Why Trump can win with easy


Many assume Donald J. Trump can not win the US presidential election this November
because he is widely viewed as weird for someone aspiring to lead the free world. But often lost in the debate is that America is not new to radical politicians who have found their way to the White House.
With the exception of George H. W. Bush in 1988, all the candidates who have assumed the presidency—from 1980 to date—exhibited a good measure of unorthodox tendencies. Simply put, Ronald Reagan, Bill Clinton, George W. Bush, and Barrack Obama did not win because of mere experience, moral purity, pristine backgrounds or political correctness. They won because of a combination of charisma and how they were able to tap into the pop culture to greater advantage.

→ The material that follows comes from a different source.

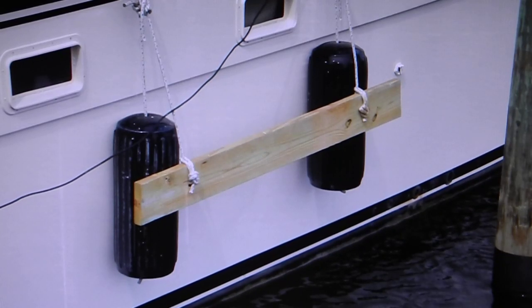Here's the finished product: fender boards homemade by yours truly. You can see how they sit off of the boat hull by those two black barrel fenders. When they come close to the piling on the right, you've got a lot of motion — two or three feet forward or aft — so that you're still protected from the piling.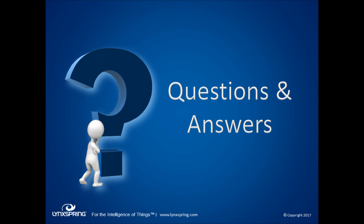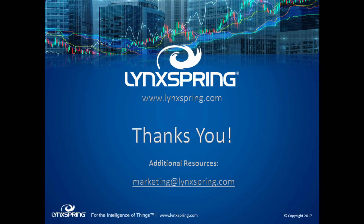If there are no more questions, we'll go ahead and end this April session. In conclusion, we hope you enjoyed today's webinar. Please mark your calendars for next month's 30 Minutes with Lynxspring, which will take place on Wednesday, May 17th. We'll have more information forthcoming. Have a great day. Thanks.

Reagan, for instance, was a womanizing movie star, who became the only US President to have been divorced. Dismissed in 1980 as a wacky warmonger, Reagan ended capturing the mantle from a man of urbane character in President Jimmy Carter. That was a similar story with Bill Clinton who prevailed despite a background that evinces weed-smoking, philandering, and draft-dodging. By the time he shocked the political culture by playing the saxophone at Arsenio Hall show in 1992, Clinton was viewed so unpresidential that his opponent, an incumbent President George H. W. Bush, had to dub the democratic nominee a “bozo”. A bozo means a stupid person, a clown, buffoon, nincompoop—the type of nouns commonly equated to Donald Trump today.